Raw Materials Revealed: Drywall Basics
Today you'll be hard pressed to find anyone installing a traditional plaster finish from scratch. It's much easier to put up sheet of gypsum plaster sandwiched between paper, called drywall, gypsum board, wallboard, Sheetrock (a trademarked brand) or just rock. Here's an introduction to this ubiquitous material.
Drywall is a master of disguise. The walls in this picture look like they could be plaster. One of the visual giveaways that you're actually looking at drywall is when you see the sharp corners created by standard corner bead.
Corner bead is a metal or plastic piece that covers the outside corners of drywall to protect them from damage. Then joint compound is spread over the bead and sanded smooth.
In many traditional plaster applications, a rounded piece of wood trim was placed at the corners and then plastered over, creating a round corner. To mimic this look with drywall, look for a bullnose corner bead.
The finishing happens in several steps. First paper tape is embedded in joint compound, or "mud." Then two more coats of mud go on before sanding.
If you are looking for a plaster-like finish, you should install blue board — a drywall product made for this purpose — then skim coat the entire surace instead of just the seams. This is much faster than with traditional plaster.

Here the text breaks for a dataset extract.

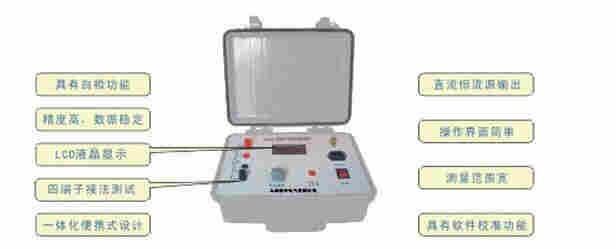 TE1502接地引下线导通测试仪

Most drywall or Sheetrock you see is either 1/2 inch or 5/8 inch thick. What size to use depends on a variety of factors, including durability, location and fire safety.
The width of drywall sheets is either 48 or 54 inches. The reason for the two width sizes is that when installed horizontally, two sheets will equal either 8 or 9 feet — common ceiling heights in residential construction.
The sheet lengths vary from 8 to 16 feet. For the do-it-yourselfer, a 4- by 8-foot sheet will be difficult enough to maneuver. And don't forget that you'll need to cut holes for every outlet and light fixture box and get those all to line up, too.
Professionals generally use the longer sheets, like the one shown in this picture, because it reduces the time spent on taping joints.
But what if you want the drywall to bend? Use 1/4-inch or 3/8-inch drywall. You may also need to make slits in the material to allow it to take the curve.
Other than regular gray drywall, you'll also see green and purple. Both of these are good for areas that will see a lot of moisture, like a bathroom. The purple is a step up in moisture protection from the green. Even with this added security, I don't recommend installing these in a shower or tub surround — you'll want to tile on cement board instead. Use green or purple board for bathroom walls outside the shower. And install a good bath fan with a timer switch so that you're not testing the capability of the drywall.
Other types of drywall you'll see are type X for added fire protection and QuietRock (shown), which is two pieces of gypsum laminated together with a special glue that allows the assembly to absorb sound and make your living space quieter. The drywall is installed with the same special glue at the seams, and a putty-like material is placed around outlet boxes. If installed properly, it is quite effective — but that doesn't come cheap.
If you're looking for a lighter sheet of rock, try USG's new lightweight drywall. Better yet, DIYers should rent a drywall lift for ceilings. It's worth the added expense.
We've only scratched the surface of what can be done with drywall. Although drywall is easier to install than plaster, it takes time to master the skill. Look for opportunities to practice, like in a garage, before you try your skills on the living room.
Have fun, wear a mask when you sand, and rock on!